The 2002 FESPIC Games, officially known as the 8th FESPIC Games, was an Asia-Pacific disabled multi-sport event held in Busan, South Korea from 26 October to 1 November 2002, 12 days after the 2002 Asian Games. It was one of the two FESPIC Games to have held at the same host city as the Asian Games, the other being the 1999 FESPIC Games in Bangkok, Thailand.

It was the first time South Korea hosted the games as it is the seventh FESPIC organisation member to host the FESPIC games after Japan, Australia, Hong Kong, Indonesia, China, Thailand. Around 2,199 athletes from 40 nations competed at the games which featured 17 sports. The games was opened by the Prime Minister of South Korea, Kim Suk-soo at the Busan Asiad Stadium.

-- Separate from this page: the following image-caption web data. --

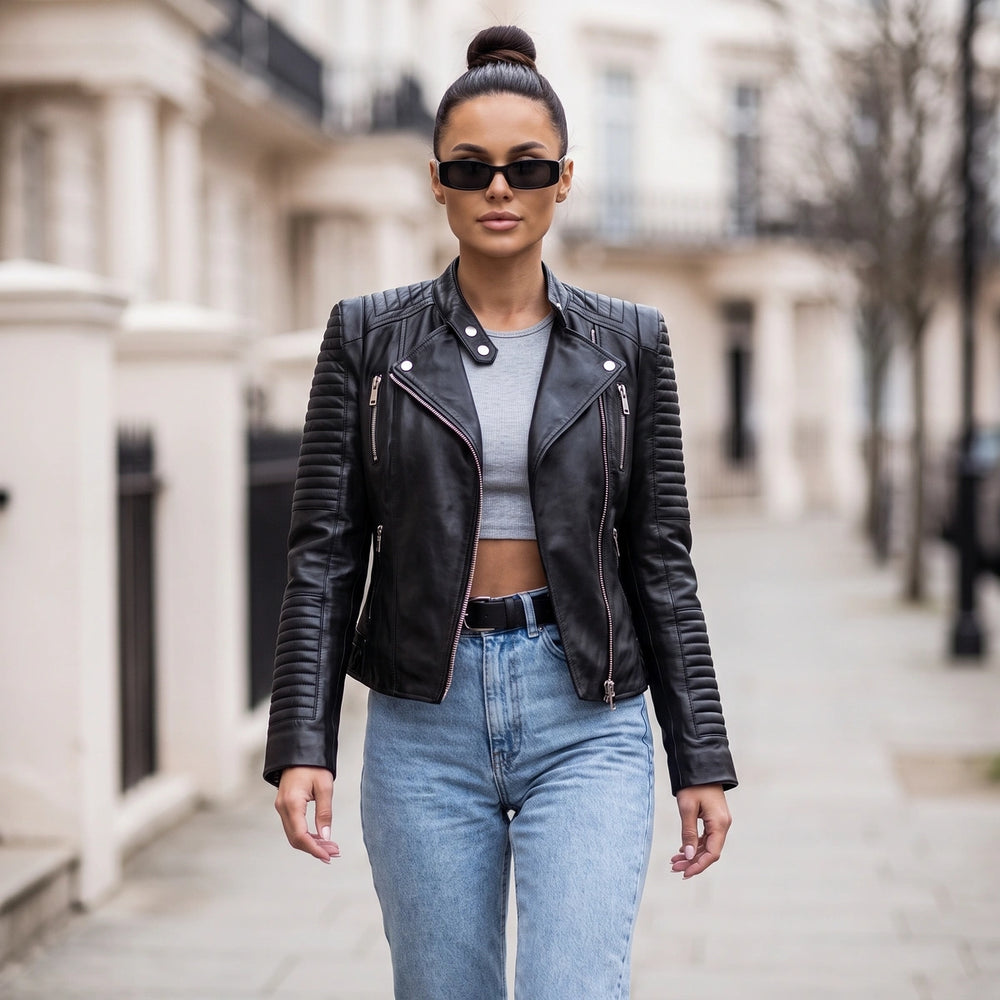 Amandine Quilted Biker Leather Jacket - Black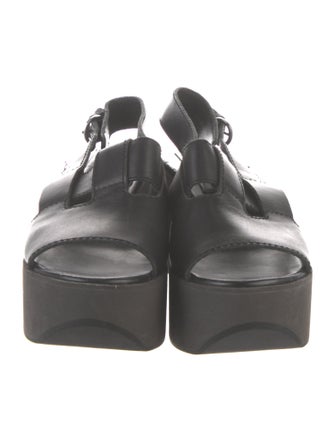Jil Sander Navy Leather Slingback Sandals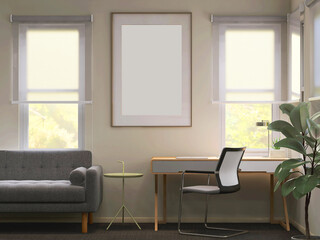 Mockup blank gold stainless steel photo frame on white beige wall in contemporary style room above modern working desk, chair and house plants in morning sunlight. 3D render for poster frame template.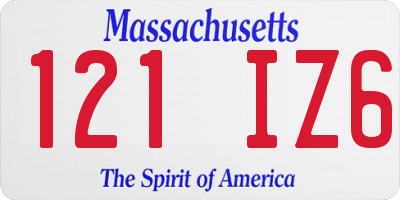 MA license plate 121IZ6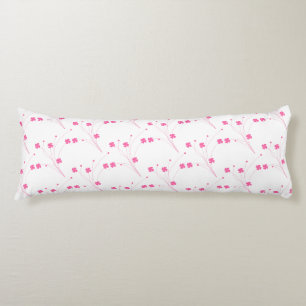 Bubblegum Pink Flowers, Small Floral Print Body Pillow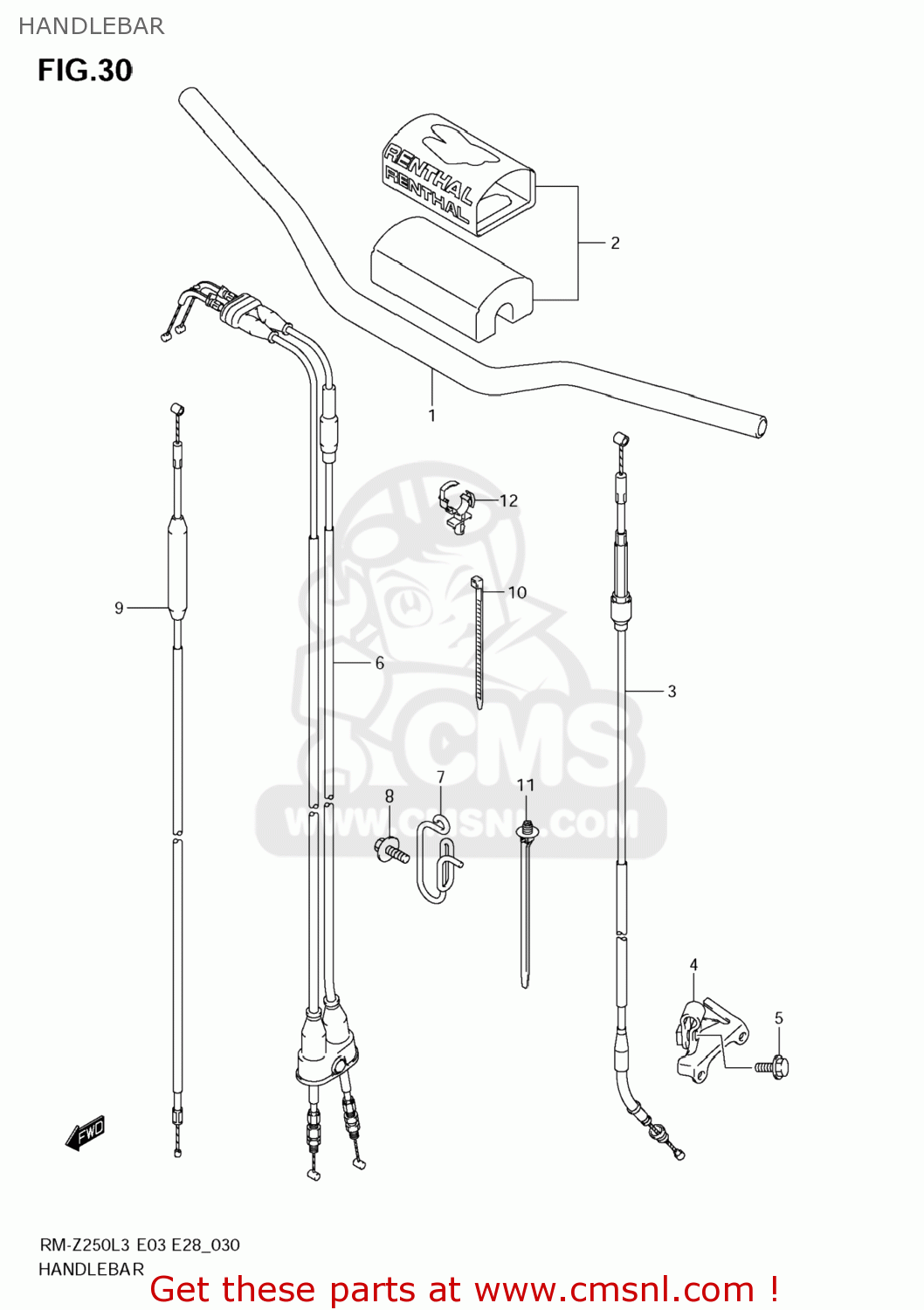 HANDLEBAR RM-Z250 2013 (L3) USA (E03) RMZ250 RM Z250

Development and preparation
The Busan Fespic Games Organising Committee (BUFOC) was formed to oversee the staging of the games.

Venues
The 8th FESPIC Games had 16 venues for the games, 14 in Busan and 2 in South Gyeongsang.

Symbols

The logo of the 2002 FESPIC Games is a traditional Korean design image which resembles both a wave, the symbol of the host city, Busan, an adynamic 'Tae-geuk' mark, and a sportsman racing with a torch. It symbolizes the integration of the Asia-Pacific region through the interaction in sports and the determination of the disabled people to overcome the barriers. The sporty emblem in typical Korean colours and smooth brush strokes represents the desire for a society where those with disabilities and those without live together in harmony.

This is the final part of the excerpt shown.